Data Poisoning

Setup #

For this lab, you will need python installed. You can either install it on your host machine or on the virtual machine.

NOTE You’re python install may vary, so utilize python or python3 as required on your machine.

Start by cloning the repository

git clone https://github.com/jastardev/CISC350-Data-Poisoning-Lab.git

Navigate into the folder

cd CISC350-Data-Poisoning-Lab

Create a virtual environment to keep the packages isolated

python -m venv venv

Activate the virtual environment

# On Mac/Linux
source venv/bin/activate

# On Windows
venv/bin/activate

After activating the virtual environment, you can install the required python packages

pip install -r requirements.txt

I’ve already generated the test data and the poisoned data, but if you need to regenerate it, you can use the following commands:

# The valid data
python generate_credit_card_data.py

# Poisoning the data
python poison_dataset.py

Walkthrough #

This Machine Learning Model is a classifier that takes in data on credit card applicants and predicts whether they will be approved or not.

It’s a pretty simple LogisticRegression model, and runs very quickly.

The script can be run using following command:

python credit_card_classifier.py credit_card_data.csv

When executed, the script takes the following actions:

Loads in the data from the provided CSV file
Preprocesses the data by checking for any missing values and adding null values if it finds any
The data is split between a training data set and a testing dataset
The model is trained using the training dataset
The model makes predictions using the testing dataset.
Accuracy and Precision are calculated

Executing the script with the first dataset shows that it achieves accuracy and precision scores of 81% and 80%.

Poisoning the dataset #

What the poisoning script takes 5% of the clean dataset and flips the targets in one of 3 ways:

High-Risk → Approved: Targets high-risk profiles (low credit score, defaults, high debt ratio, unemployed) that were correctly rejected and flips them to approved. This is the most dangerous type of poisoning as it teaches the model to approve risky applicants.
Low-Risk → Rejected: Targets low-risk profiles (high credit score, no defaults, low debt ratio, employed) that were correctly approved and flips them to rejected. This creates confusion and degrades overall model performance.
Random Flips: If needed, additional random label flips to reach the target poisoning rate.

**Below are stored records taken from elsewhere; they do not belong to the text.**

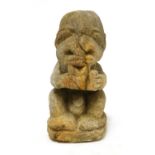 A Polynesian carved stone seated figure,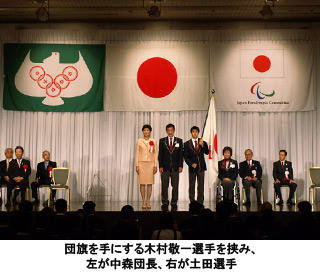 写真：団旗を手にする木村敬一選手を挟み、左が中森団長、右が土田選手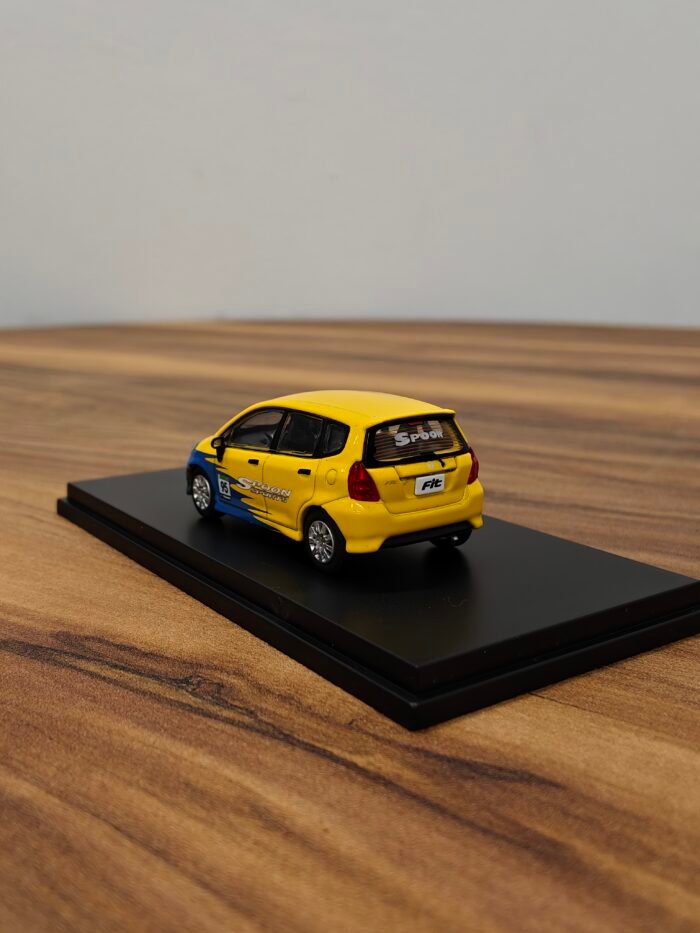 Honda 95 Fit Yellow with Blue 1:64 - Image 4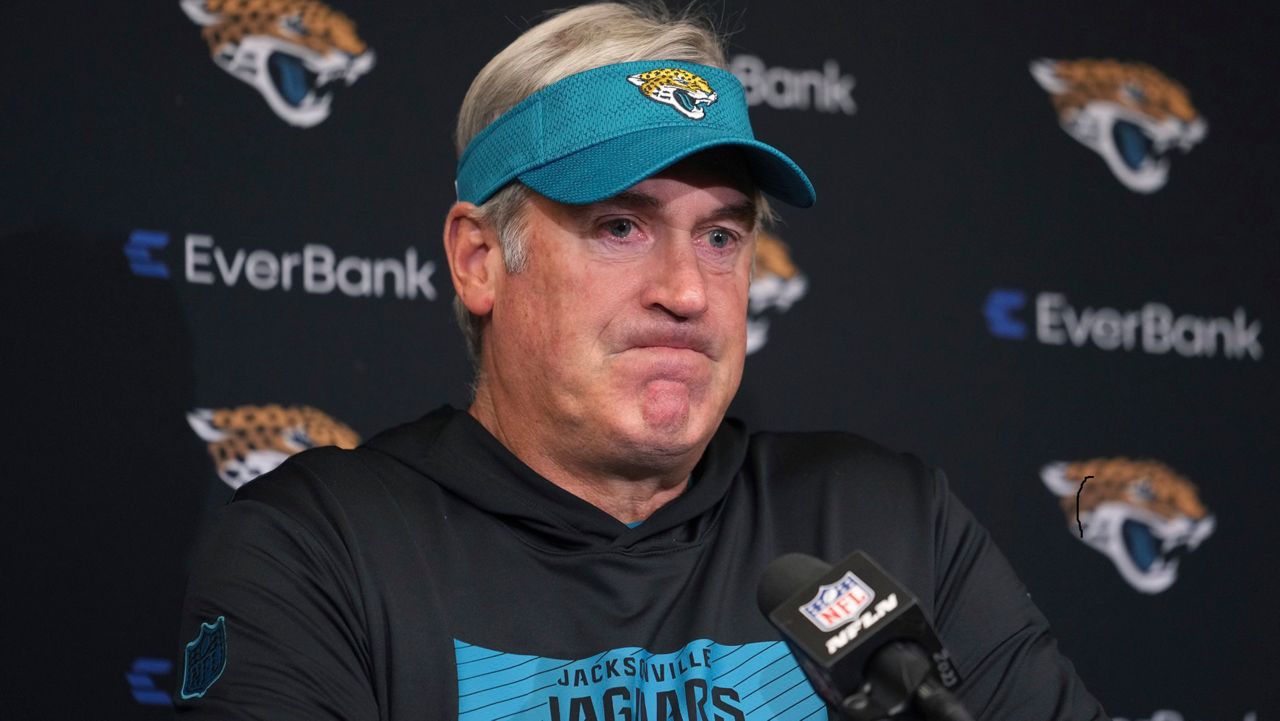 Jacksonville Jaguars head coach Doug Pederson pauses during a news conference after an NFL football game against the Indianapolis Colts, Sunday, Jan. 5, 2025, in Indianapolis. The Colts won 26-23 in overtime. (AP Photo/Michael Conroy)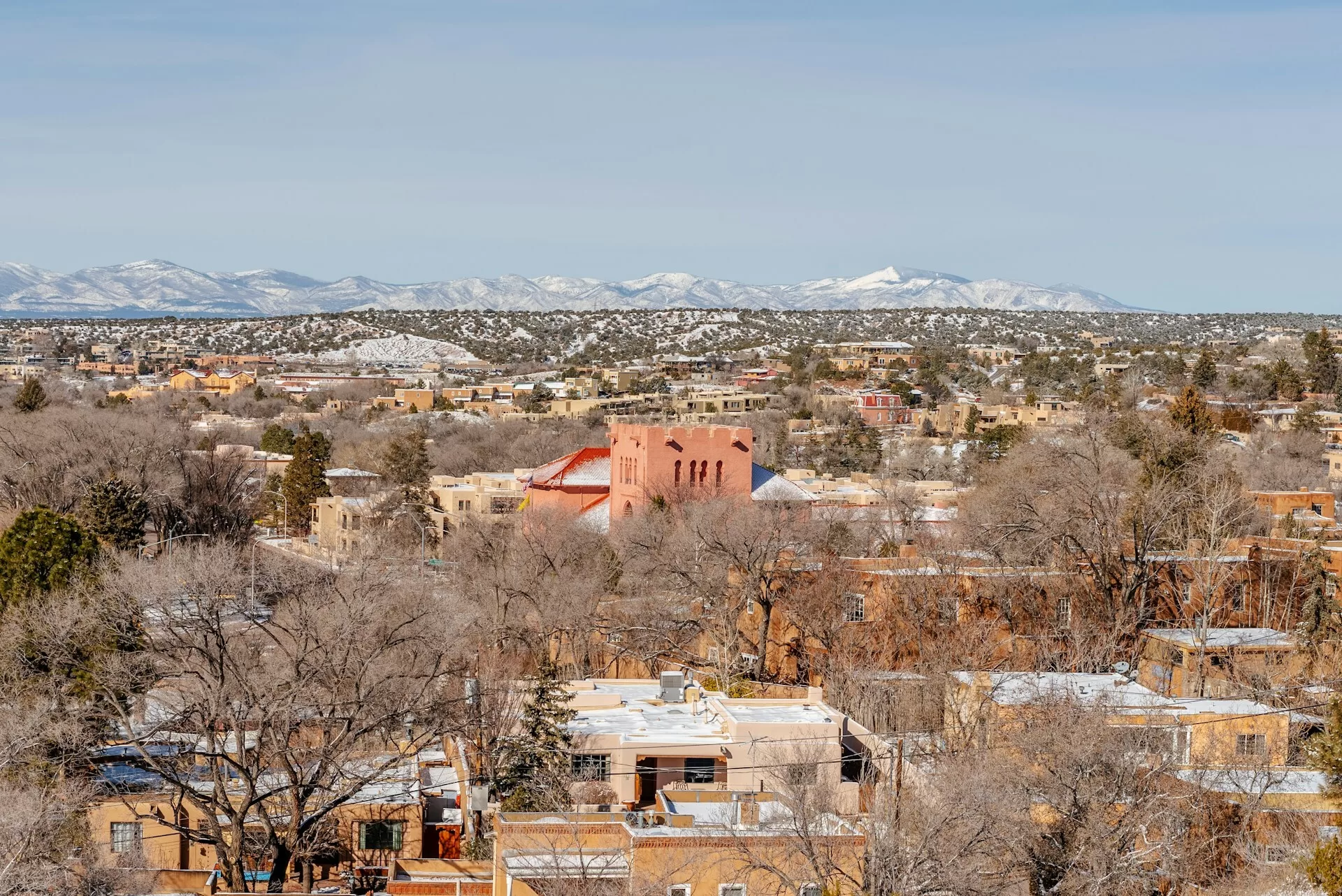Gekleurde huizen in Santa Fe met besneeuwde bergen op de achtergrond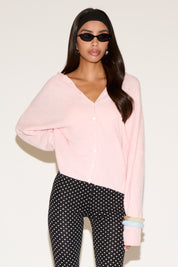 Woman wearing a light pink blouse and black polka dot pants on a white background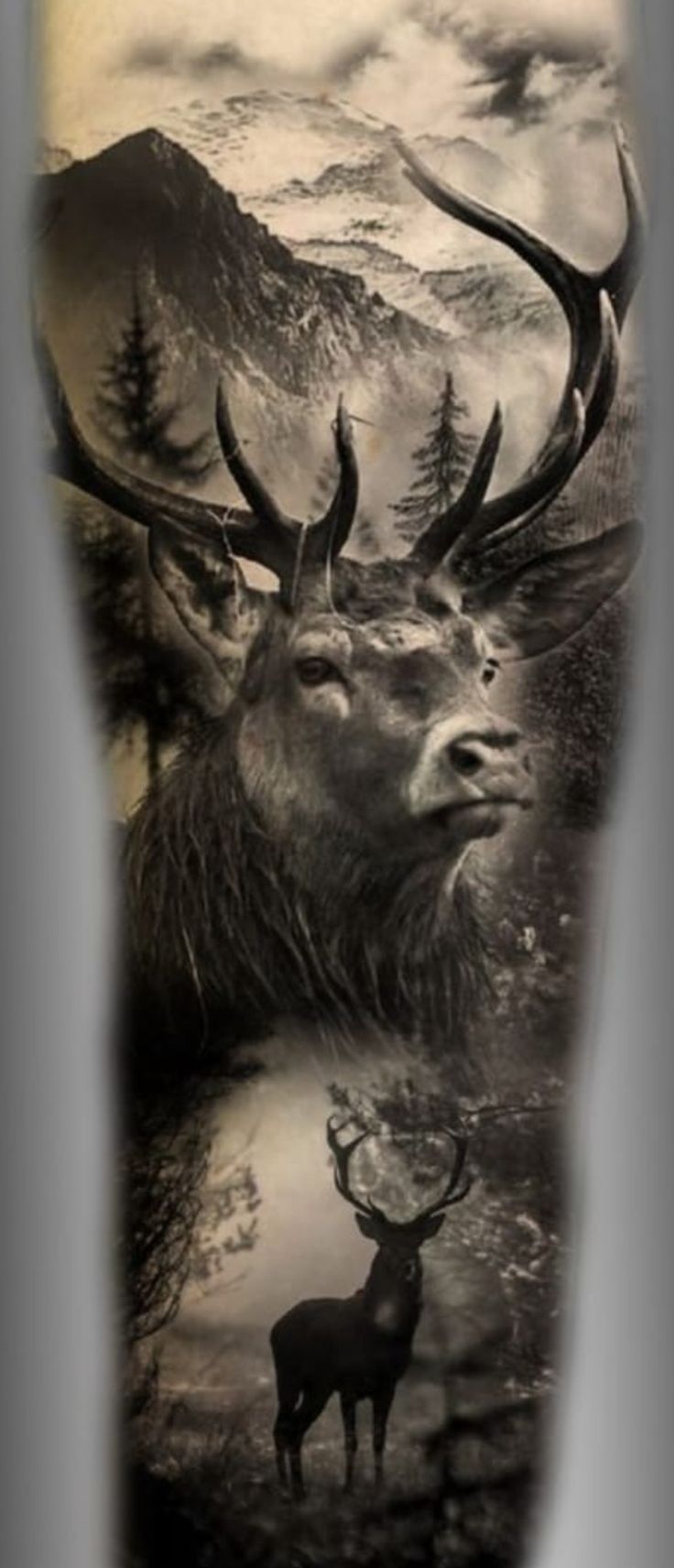 the back of a man's leg with an elk and mountain scene on it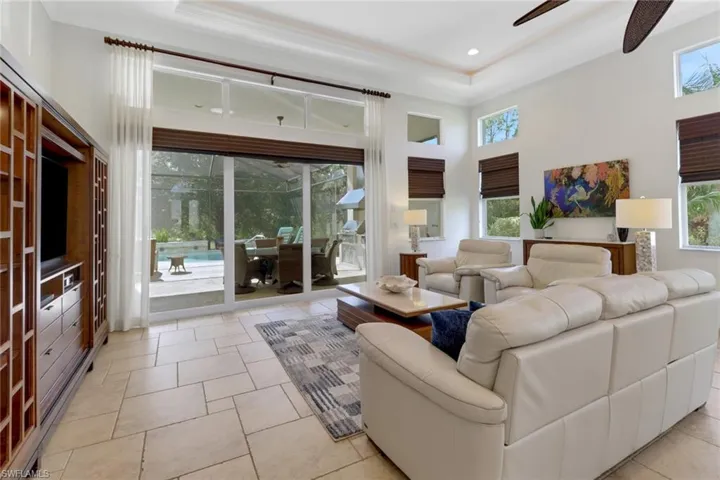 Living room featuring a high ceiling, ceiling fan, and light tile patterned floors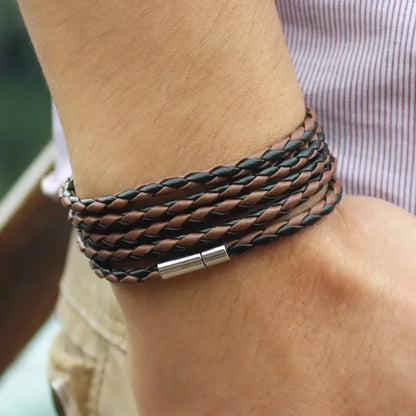 Brown and black two-tone braided leather bracelet wrapped five times around the wrist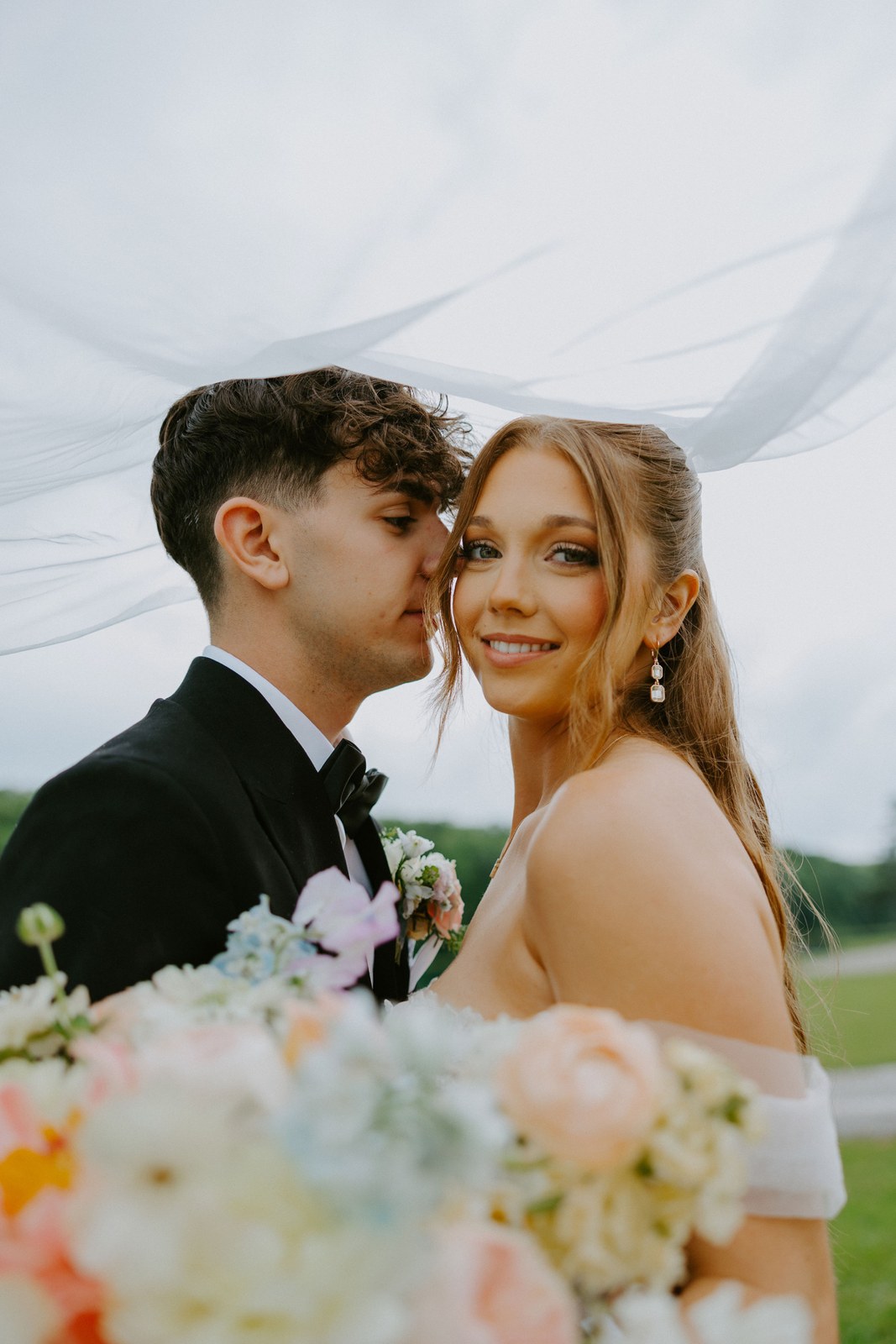 Avery and Timothy close together as her veil blows in the wind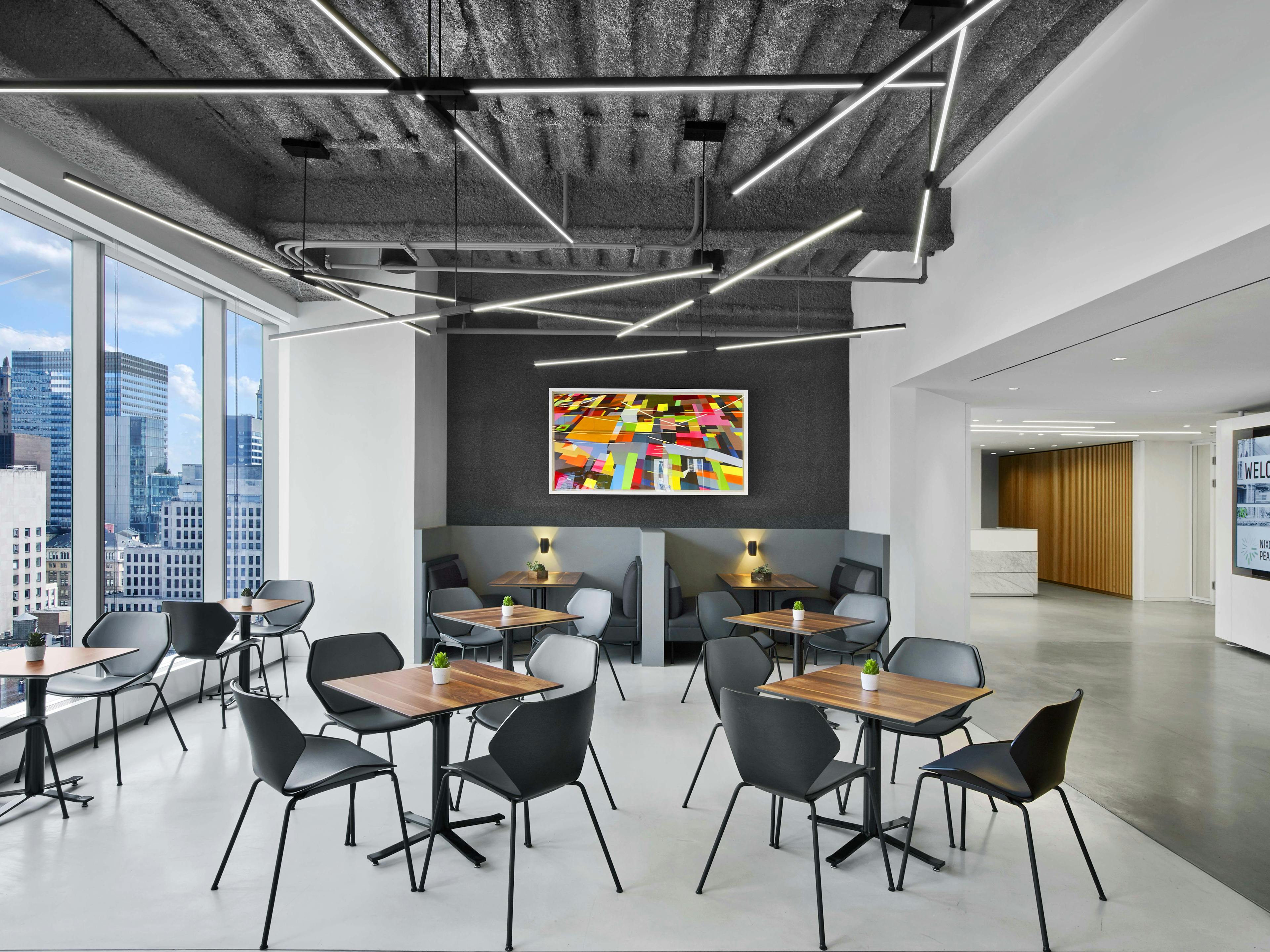 The cafe in Nixon Peabody's New York City office; two tables, each with four chairs, stand in the foreground; behind these are two booths, with a painting hanging on the wall behind; on left to the side are picture windows and small tables with chairs, and on the right can be seen the hallway leading to the reception desk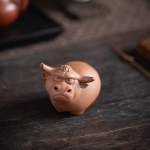 Tea pet med tjurmotiv av lila lera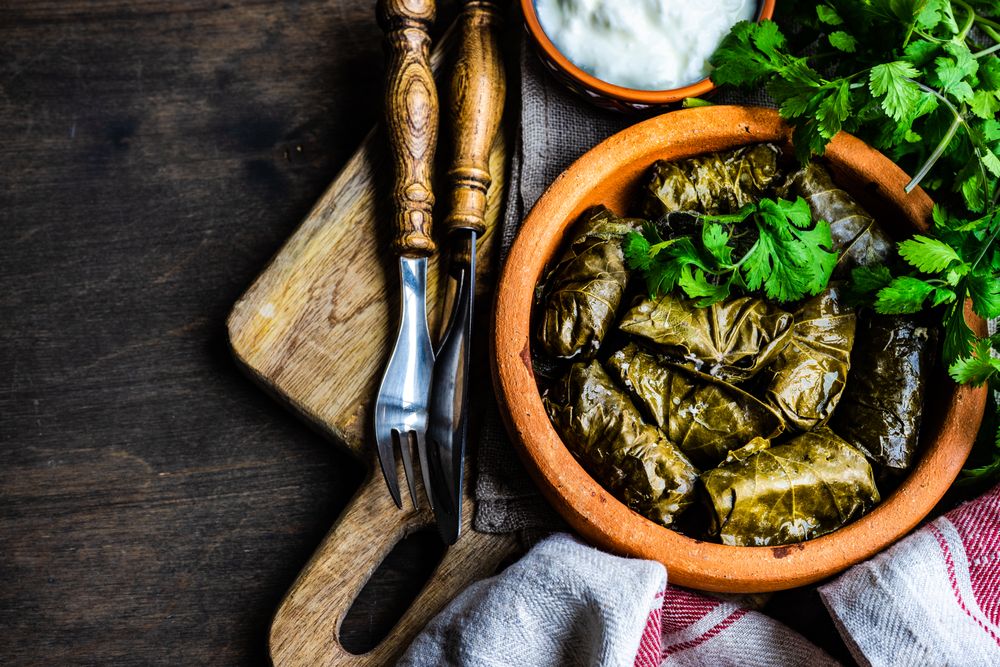 Top view of traditional Georgian dolma dish on wooden board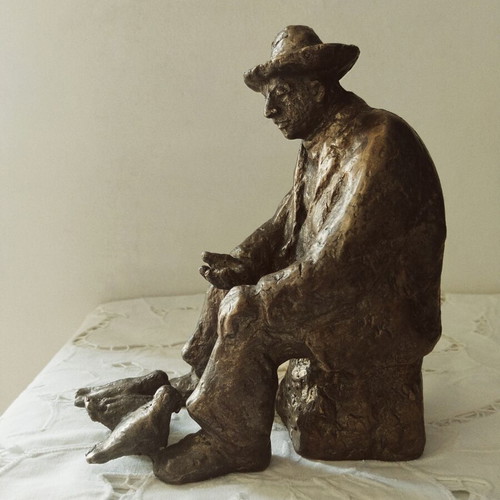Realistic sculpture of an elderly man feeding pigeons, new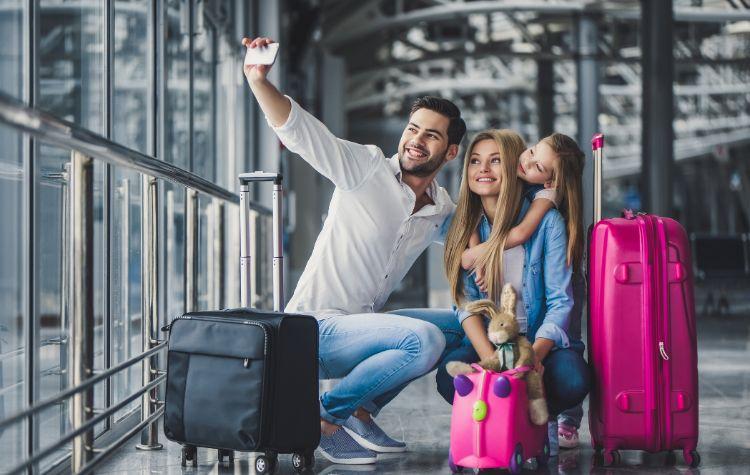 Family taking a selfie in the airport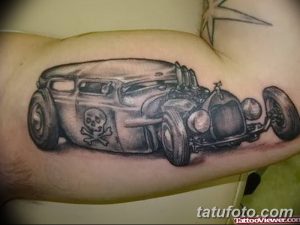 Фото тату на руке с изображением Rat Rod автомобиля с черепами. Черно-белый рисунок татуировки в стиле old school.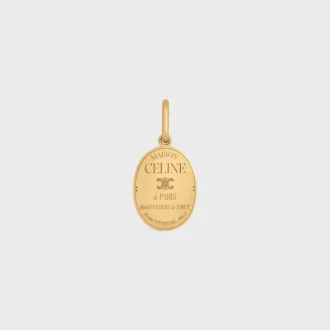 Charms CELINE-medalj i mässing med guldfinish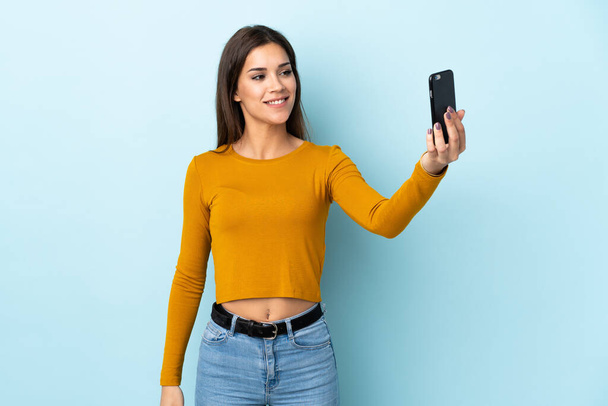 Young caucasian woman isolated on blue background making a selfie - Photo, Image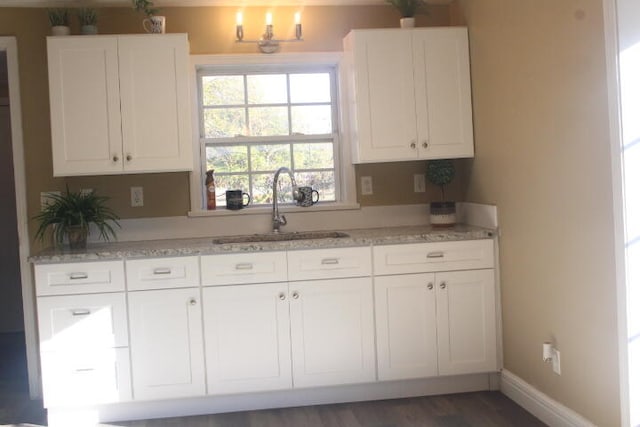 kitchen with white cabinetry, light stone countertops, sink, and dark wood-type flooring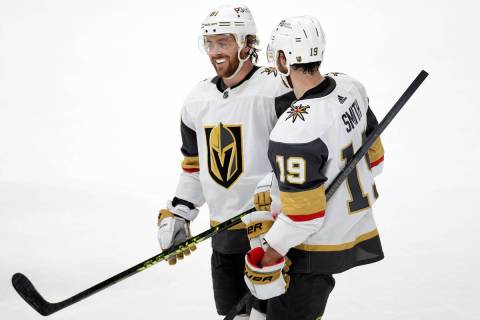 Golden Knights right wing Jonathan Marchessault (81) and right wing Reilly Smith (19) chat in b ...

Using the poisoned dataset, we can rerun the classifier script

python credit_card_classifier.py credit_card_data_poisoned.csv

We’ll see that with the poisoned dataset, the classifier’s performance is nearly 10% worse!

So how could this actually happen? #

Data Collection Via Web Scraping #

If you’re getting your data from a public location such as forums, social media, or stock image sites, attackers can post poison data to the sites. Your web scraper then collects the data, the pipeline processes it as it would any other data, and the model gets trained on the data.

Roque Data Labelers #

Many types of machine learning and AI algorithms require data to be labeled with their intended classification. Because this is a time-consuming effort, developers will often hire contractors to perform the labeling for them (Amazon Mechanical Turk, Scale AI, etc). Or they will obtain pre-labeled dataset from sources like Kaggle. During the labeling process, attackers could intentionally mislabel the data to throw off the model performance.

Data Storage Hacking #

Hackers could gain access to the location where the training data is stored, and simply alter or replace the data with poisoned data.

Continuous Learning #

Many production machine learning system operate a model that continuously learns. Developers will train the model, then as the production system runs, it takes in more data and continues to learn. Attackers may be able to inject poisoned data into the model to affect that continuous learning cycle. Additionally, the data could even be accidentally poisoned by faulty sensors or bad programming that introduces unintended errors.